====== RECORDS FOR THE TASK

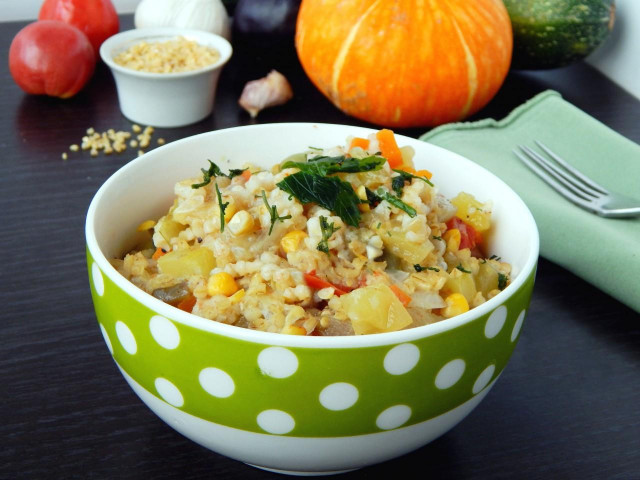 Bulgur with vegetables on the stove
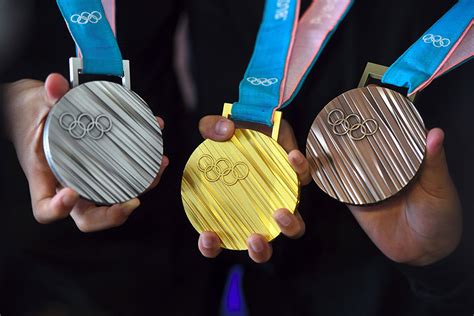 What Are Olympic Medals Actually Made Of Trophies Plus Medals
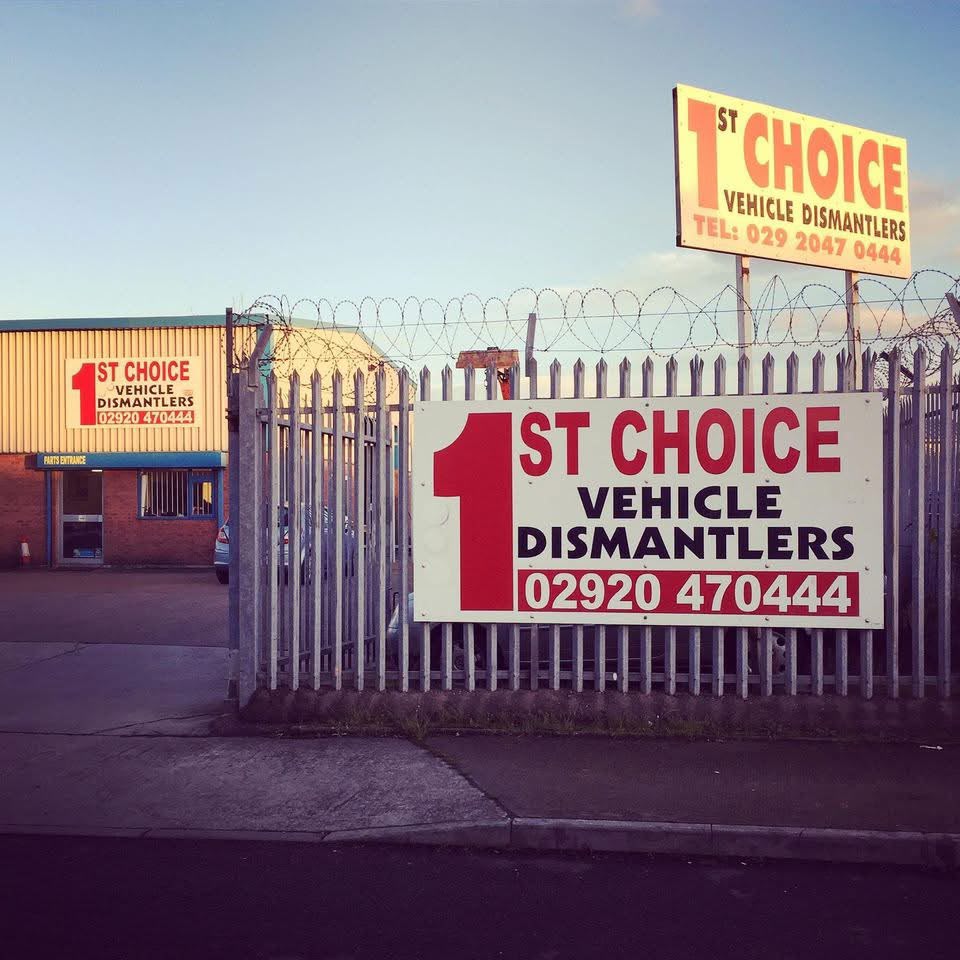 The front of 1st Choice Vehicle Dismantlers on Martin Road: the red 1st Choice sign on the fence, the tall sign above it and the parts entrance behind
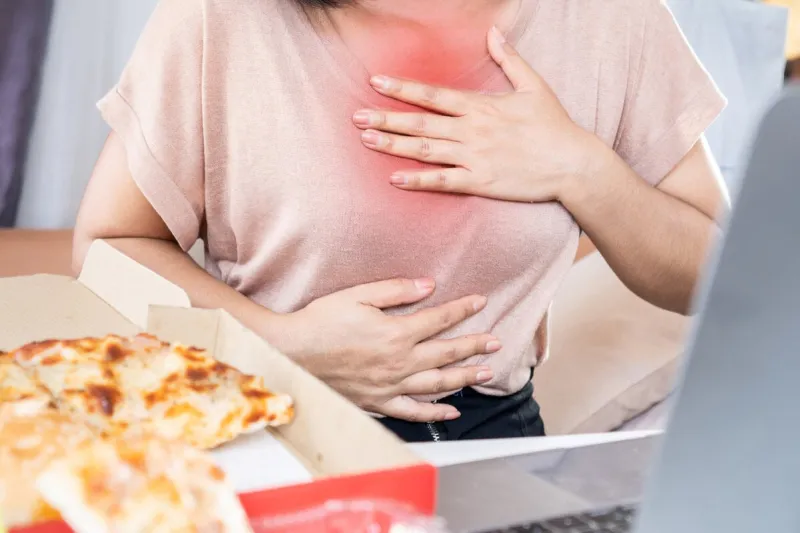 woman suffering from chest pain , heartburn caused by acid reflux after eating junk food pizza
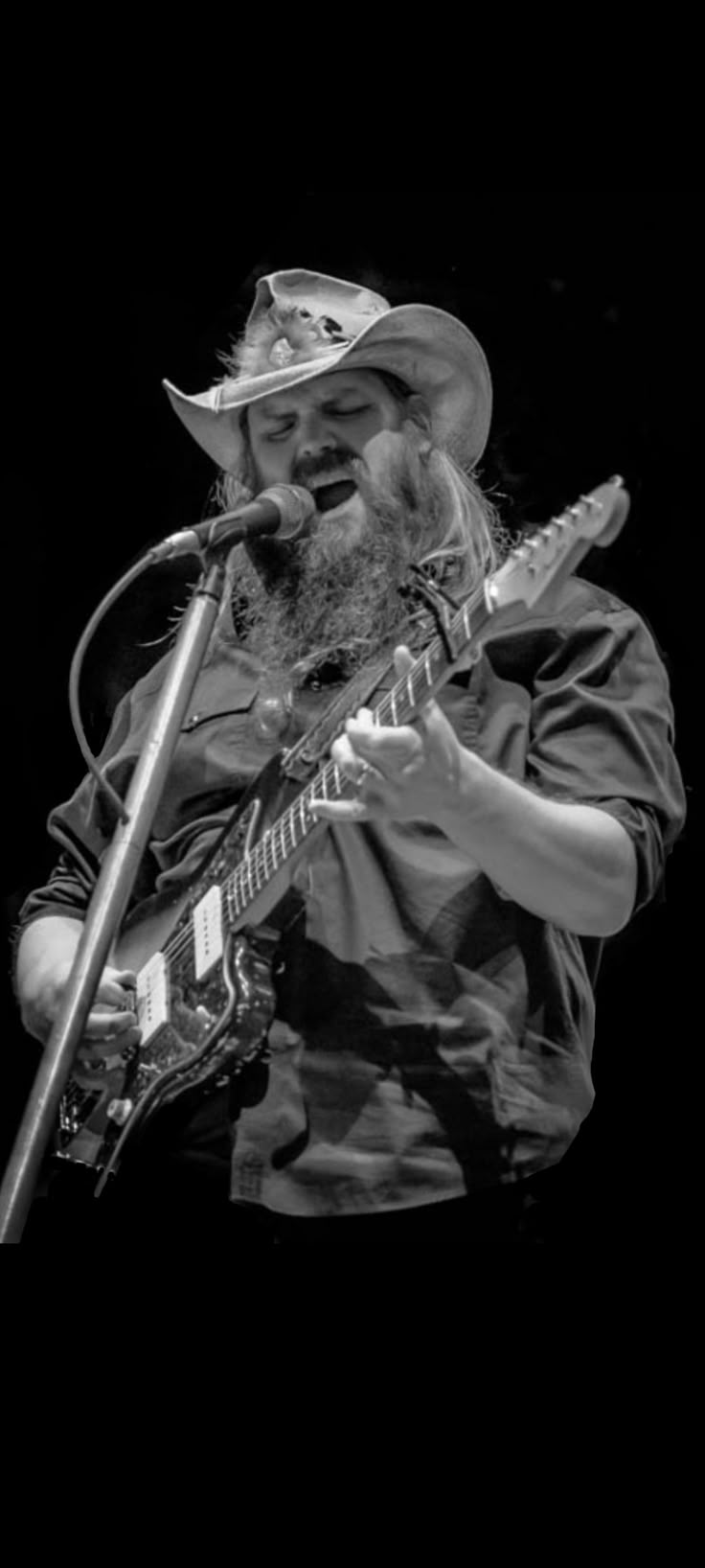 a man with a beard playing guitar and singing into a microphone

============

> **PROBLEM STATEMENT**: Since the copy must contain no pictures, return only the text of the records, exactly as it stands.

> **ANSWER SECTION**:
 Bulgur with vegetables on the stove
 What Are Olympic Medals Actually Made Of Trophies Plus Medals
 The front of 1st Choice Vehicle Dismantlers on Martin Road: the red 1st Choice sign on the fence, the tall sign above it and the parts entrance behind
 woman suffering from chest pain , heartburn caused by acid reflux after eating junk food pizza
 a man with a beard playing guitar and singing into a microphone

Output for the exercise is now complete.